Collective intelligence?

Analysis Nokia is defying the conventional wisdom of Silicon Valley with its new music service. And that's probably the coolest thing about it.

The phone giant's Music Recommenders service, as we reported here, uses 40 well known independent record stores to nominate their favourite new releases.

That's going to count for a lot more than the expensively-recruited 'Godfather' for the service, David Bowie. Bowie will share his choices each month in a video directed by Wim Wenders.

As my colleague Chris Williams points out, there's hardly a digital music service over the years that hasn't featured the ubiquitous crooner. The name "David Bowie" must be pre-printed on the digital music press releases. And he doesn't exactly bring the Midas touch along with him.

Peer recommendations will continue to play their part, as they do on Amazon, Nokia's Mark Squires told us today. But it's the influence of the independent stores that's the key differentiator in a music market crammed with lookalikes.

New York's Fat Beats, London's Chicago's Reckless, and Tokyo's Mona Records are amongst the tipsters.

Before you can say "Jack Black", it's true that not every store employs staff who want to recommend anything - that's a pretty standard way of emphasising exclusivity. But the good ones know their stuff and are happy to share it.

These are strange times when employing people who know what they're talking about is considered newsworthy.

Recently we covered the launch of Crowdstorm - a buzzword-heavy shopping recommendation site that places its faith entirely on user generated content. Silicon Valley VCs are showering start-ups like Crowdstorm - who find the right trigger buzzwords, such as "collective intelligence" - with money.

Yahoo! is spending a seven-figure sum promoting its "social search" Answers service - money it could have invested more wisely, if the results are anything to go by.

Jaron Lanier, the virtual reality pioneer and tech culture commentator, called the mania for groupwork "digital maoism".

When Apple launched the iTunes Store three years ago, one reader memorably compared it to "an airport kiosk without the cigarettes and chewing gum". It made a huge difference to the perception of digital music, as Apple had all the pieces lined up - the device, the synchronisation, the software jukebox - and iPod sales soared despite as a result. But it didn't look like a place to spend very long browsing, which is why most iPod owners have only around 20 purchased songs on their iPods.

But Nokia is betting that dabbling might be enough. The way the company sees it, too few of the 90m "music players" it's going to sell this year get enough use as music players.

Today iTunes makes only a slim profit, and its rivals are awash with red ink. Napster is seeking a buyer, and even with its backhaul business, Nokia's new Loudeye acquisition - the basis for Recommenders - lost $3.5m on revenue of $5.4m in its most recent quarter (Loudeye provides the music store for O2, which should make negotiations with Nokia's customers, the operators, more interesting).

Apple's success comes from selling hardware.
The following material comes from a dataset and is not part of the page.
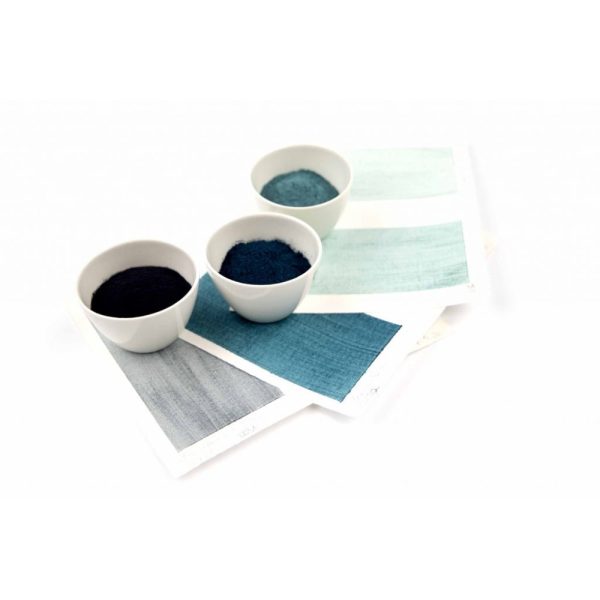 Maya-Blauw, Grijsblauw B - Afbeelding 4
Nokia has plenty of that to offer, and is hoping the Recommenders store will get people into the habit of using their phones for playing music.

There's been plenty of reasons not to, so far: poor synchronization, poor integration with the software jukeboxes, and in Nokia's case, the dreaded Pop-Port. The new music range goes quite some way to improving these remedies.

DRM remains much more of a nuisance on mobiles, but the emphasis is getting the songs onto your home PC, then sync'ing them to your phone.